BEGIN INPUT MATERIAL

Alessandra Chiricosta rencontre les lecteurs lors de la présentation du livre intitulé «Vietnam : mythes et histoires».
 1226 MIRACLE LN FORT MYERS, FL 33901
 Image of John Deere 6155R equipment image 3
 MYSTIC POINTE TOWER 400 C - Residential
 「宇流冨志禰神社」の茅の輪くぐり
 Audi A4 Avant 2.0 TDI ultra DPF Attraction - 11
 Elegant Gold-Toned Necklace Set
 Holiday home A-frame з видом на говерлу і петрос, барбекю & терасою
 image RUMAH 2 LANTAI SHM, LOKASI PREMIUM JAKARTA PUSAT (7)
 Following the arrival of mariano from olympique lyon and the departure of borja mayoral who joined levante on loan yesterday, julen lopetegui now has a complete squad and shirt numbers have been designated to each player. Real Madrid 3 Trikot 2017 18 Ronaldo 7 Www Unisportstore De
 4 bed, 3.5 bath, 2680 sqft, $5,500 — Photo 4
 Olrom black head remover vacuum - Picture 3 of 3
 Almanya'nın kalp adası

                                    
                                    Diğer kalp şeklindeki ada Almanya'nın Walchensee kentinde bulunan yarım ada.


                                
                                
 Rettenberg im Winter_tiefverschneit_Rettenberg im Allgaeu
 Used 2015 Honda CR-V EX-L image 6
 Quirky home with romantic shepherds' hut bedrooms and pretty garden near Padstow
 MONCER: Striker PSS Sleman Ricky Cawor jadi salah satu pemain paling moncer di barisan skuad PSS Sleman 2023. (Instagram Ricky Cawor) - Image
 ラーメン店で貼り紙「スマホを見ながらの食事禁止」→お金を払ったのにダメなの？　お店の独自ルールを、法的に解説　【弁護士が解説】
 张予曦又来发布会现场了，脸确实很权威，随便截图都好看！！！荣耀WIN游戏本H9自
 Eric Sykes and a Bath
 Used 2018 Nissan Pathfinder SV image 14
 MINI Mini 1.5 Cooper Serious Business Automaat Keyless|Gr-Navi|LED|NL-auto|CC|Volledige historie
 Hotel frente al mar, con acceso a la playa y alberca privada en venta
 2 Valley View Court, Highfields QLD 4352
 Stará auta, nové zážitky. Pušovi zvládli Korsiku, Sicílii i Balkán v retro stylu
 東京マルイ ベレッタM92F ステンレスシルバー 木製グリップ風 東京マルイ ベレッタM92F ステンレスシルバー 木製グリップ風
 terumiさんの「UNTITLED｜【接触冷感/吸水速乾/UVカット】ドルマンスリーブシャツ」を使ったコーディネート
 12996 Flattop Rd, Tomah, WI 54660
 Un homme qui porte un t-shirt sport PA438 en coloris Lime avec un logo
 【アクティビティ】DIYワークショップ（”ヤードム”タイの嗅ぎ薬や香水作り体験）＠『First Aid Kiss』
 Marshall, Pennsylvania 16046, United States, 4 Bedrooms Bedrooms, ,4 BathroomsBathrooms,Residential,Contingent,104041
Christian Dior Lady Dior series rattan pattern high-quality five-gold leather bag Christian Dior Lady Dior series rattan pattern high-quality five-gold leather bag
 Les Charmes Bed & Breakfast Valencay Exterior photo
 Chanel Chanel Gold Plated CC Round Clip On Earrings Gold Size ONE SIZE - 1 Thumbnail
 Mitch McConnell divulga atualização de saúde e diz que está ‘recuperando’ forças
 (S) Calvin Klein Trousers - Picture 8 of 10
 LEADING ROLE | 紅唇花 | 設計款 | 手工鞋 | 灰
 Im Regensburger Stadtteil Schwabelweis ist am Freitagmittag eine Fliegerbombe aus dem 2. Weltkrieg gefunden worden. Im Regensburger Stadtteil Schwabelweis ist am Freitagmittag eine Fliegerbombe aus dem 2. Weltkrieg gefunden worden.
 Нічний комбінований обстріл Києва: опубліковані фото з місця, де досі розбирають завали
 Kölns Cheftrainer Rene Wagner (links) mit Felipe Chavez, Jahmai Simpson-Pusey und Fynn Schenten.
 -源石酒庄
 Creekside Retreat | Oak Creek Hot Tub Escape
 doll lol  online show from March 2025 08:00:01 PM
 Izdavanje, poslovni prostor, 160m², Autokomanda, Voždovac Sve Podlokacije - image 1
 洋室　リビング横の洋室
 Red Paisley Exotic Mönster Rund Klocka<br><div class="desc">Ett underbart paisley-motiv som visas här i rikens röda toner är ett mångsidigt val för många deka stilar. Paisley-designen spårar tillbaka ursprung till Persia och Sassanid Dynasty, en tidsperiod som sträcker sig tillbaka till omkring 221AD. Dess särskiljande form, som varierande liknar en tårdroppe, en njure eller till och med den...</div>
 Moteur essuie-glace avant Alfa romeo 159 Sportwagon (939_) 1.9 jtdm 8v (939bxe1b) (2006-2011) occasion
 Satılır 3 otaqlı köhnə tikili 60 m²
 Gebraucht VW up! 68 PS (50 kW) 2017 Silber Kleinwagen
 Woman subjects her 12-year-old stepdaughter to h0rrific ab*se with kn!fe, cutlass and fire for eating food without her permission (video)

END INPUT MATERIAL

From the opening line of the data above through the line holding "Elegant Gold-Toned Necklace Set", give every line again exactly as it stands.

Alessandra Chiricosta rencontre les lecteurs lors de la présentation du livre intitulé «Vietnam : mythes et histoires».
 1226 MIRACLE LN FORT MYERS, FL 33901
 Image of John Deere 6155R equipment image 3
 MYSTIC POINTE TOWER 400 C - Residential
 「宇流冨志禰神社」の茅の輪くぐり
 Audi A4 Avant 2.0 TDI ultra DPF Attraction - 11
 Elegant Gold-Toned Necklace Set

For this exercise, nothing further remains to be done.